I am trying to implement the G4_BACKTRACE and the has me tripped up. Is that a call to an output location and I need to give it a directory or call stderr?
I’m not sure I understand your question. All you need to do to enable automatic backtracing is either:
Build Geant4 from scratch as I described in my last post.
or In your main program, add
// with the other headers
#include <G4Backtrace.hh>
...
// inside main(), generally before constructing the run manager
G4Backtrace::Enable();
The default set of signals handled is SIGQUIT, SIGILL, SIGABRT, SIGKILL, SIGBUS, SIGSEGV and it should write any backtrace to std::cerr so that should appear in wherever your job is sending the error stream.
Thanks for the detailed instructions. I can’t do the rebuild from scratch, not a permission level I have, but I was able to insert the above commands into the main.cc and successfully rebuild the project. This time I was able to catch the output in stderr piped into a file. I also turned on the correct level of verbosity to help figure out what the particles were doing in context when it happens.
CAUGHT SIGNAL: 11 ### address: 0x140, signal = SIGSEGV, value = 11, description = segmentation violation. Address not mapped to object.
I think this means that the geometry is incomplete at that location so there isn’t anything at the location despite there being a logical volume.
Speculation on why all runs had an error simultaneously when it was working for days.

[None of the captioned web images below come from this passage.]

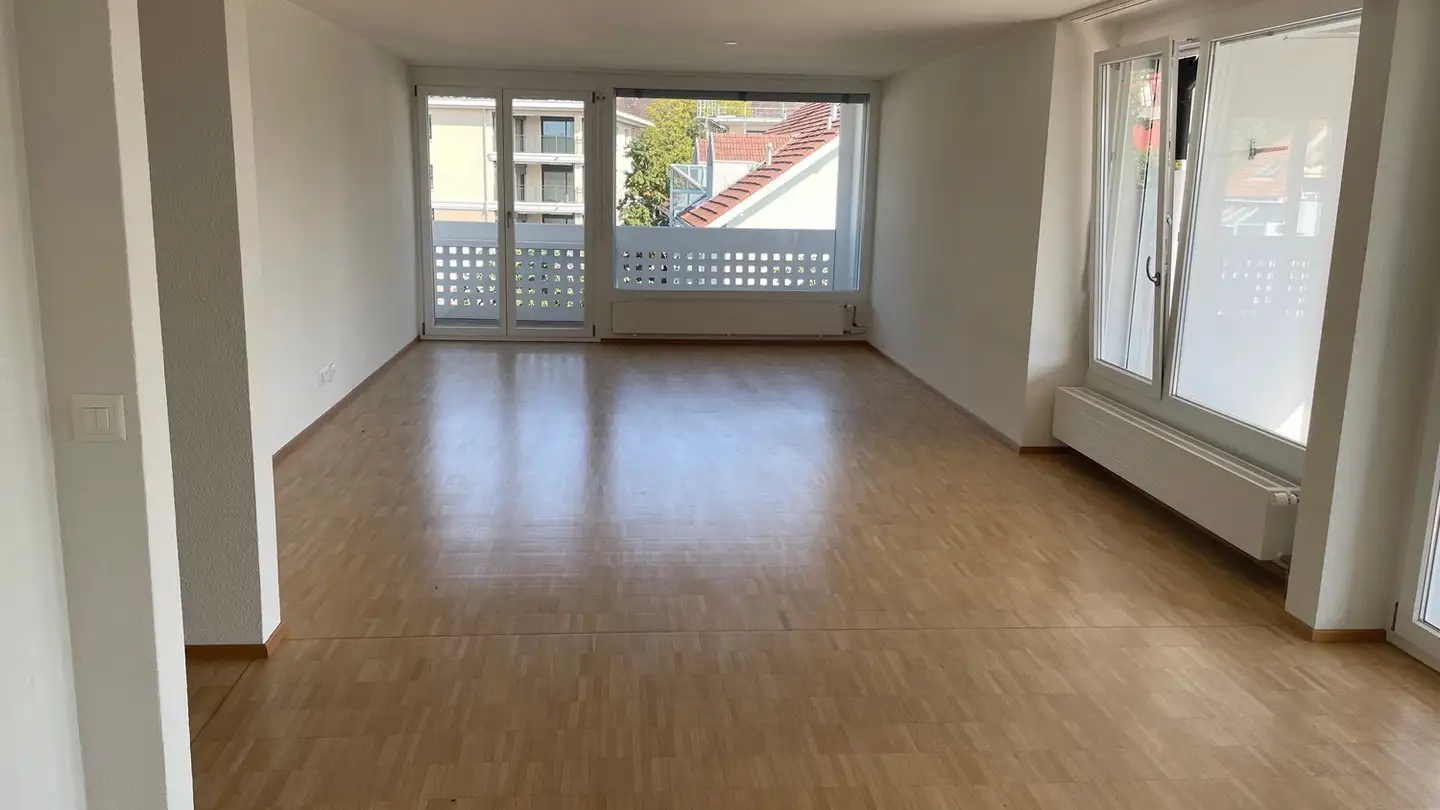 Appartement à louer - Oberstrasse 22, 3360 Herzogenbuchsee - Photo 3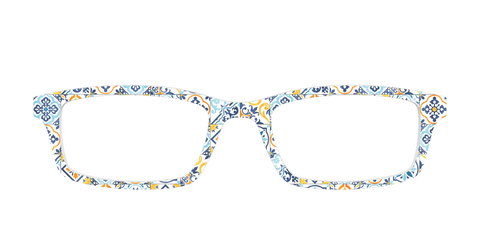 The Italian Tiles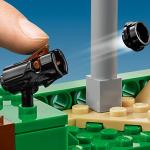 LEGO Harry Potter Quidditch Match Set 75956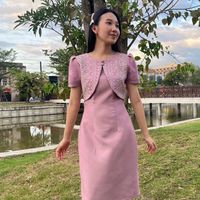 Sudarat ผ้าไทย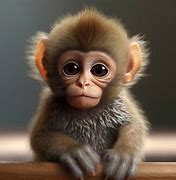 Image result for Cute Baby Vervet Monkey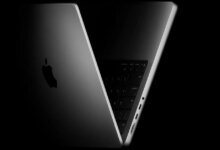 Apple تكشف النقاب عن جهاز MacBook Pro جديد مقاس 14 بوصة مدعوم بشريحة M5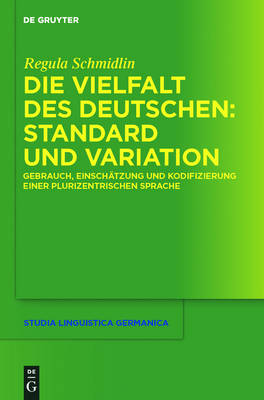 Die Vielfalt des Deutschen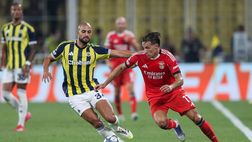 Benfica-Fenerbahce, chi accederà alla prossima Champions League? Il pronostico di DDD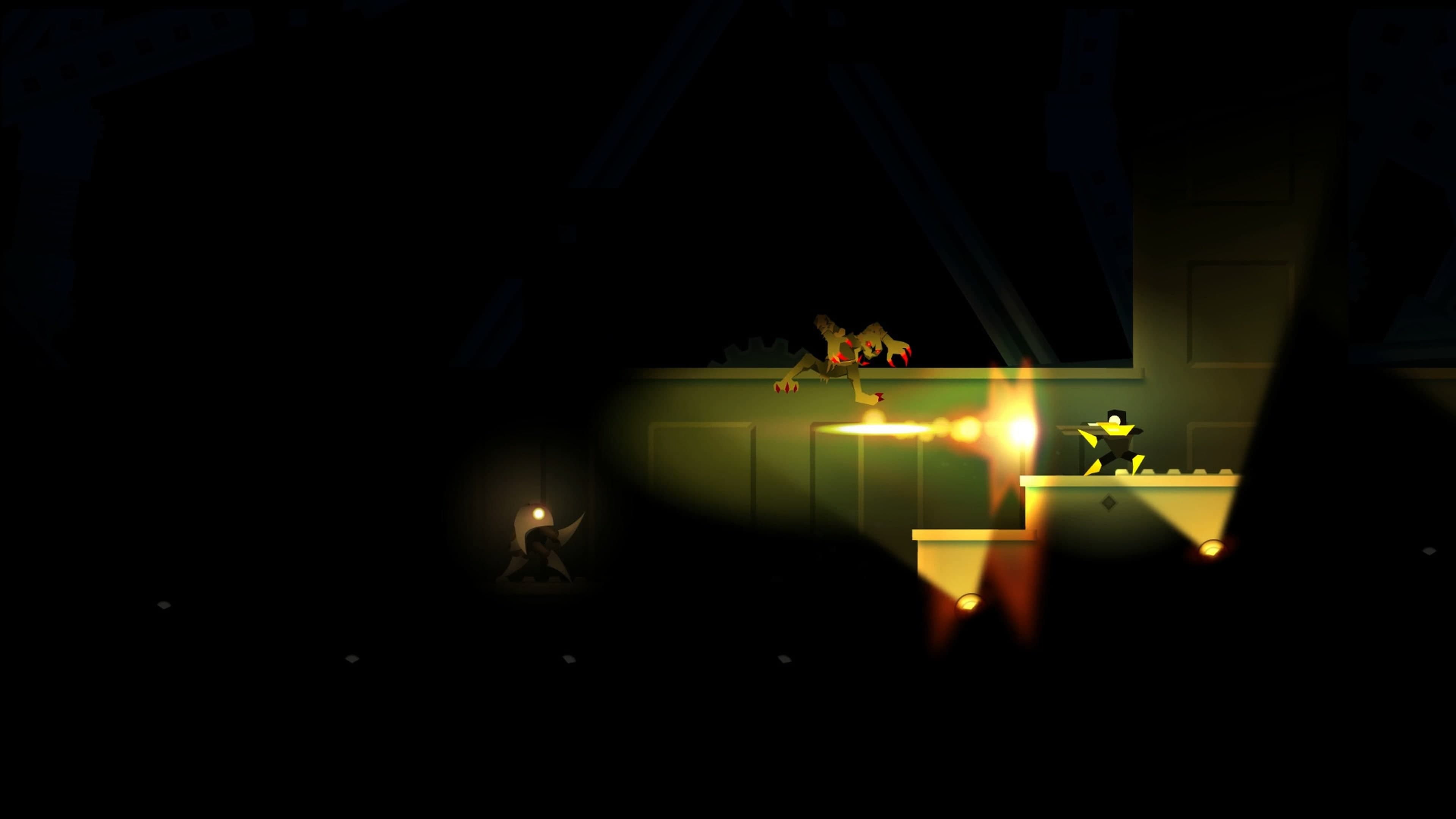 Blast Brawl 2: скриншот 9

I have been using a common error file name in the script so some sort of check failed once it became non-empty.
This looks like an issue in your process hits with your sensitive detector [1/20]. If I am reading the trace right maybe trying to print a string [2/20] that was a null. So it could be the geometry has some overlap issues or floating point errors at boundaries if subtract operator was used a lot for the geometry.
Thanks for the interpretation of the backtrace. I was suspecting some sort of geometry error but my mind was not going in this direction. The error cropping up now makes a bit of sense as I had just corrected the Z spacing from the earlier running but geometrically inaccurate setups.
Not so much subtraction but there is a lot of addition in the components as they are supposed to be line to line in the stackup. The Z positions in the assembly elements are all summations off of the front face reference. Ref + Ojb1_Z + Ojb2_Z + Ojb3_Z etc. I’ll start chasing this line of thought and report back.
Footnote: 95% sure this is the solution but want to test before declaring it such.
I’m going to break off the geometry discussion to a separate thread as I think we’ve reached the end of the troubleshooting and why it all crashed. That latter conclusion is if there is an internal check so that if the log file that all scripts write to for an error becomes non-empty it terminates the run.
#SBATCH --error=execute_error.txt
If that’s the same for all runs then when execute_error.txt becomes non-zero file length any script referencing it will terminate?
Bad physics list handling of the neutron interaction, whatever interaction that was. I made no changes to the geometry, only added FTFP_BERT_HPT to the physics lists and the runs have been working flawlessly. I also learned my lesson and now have unique error file names.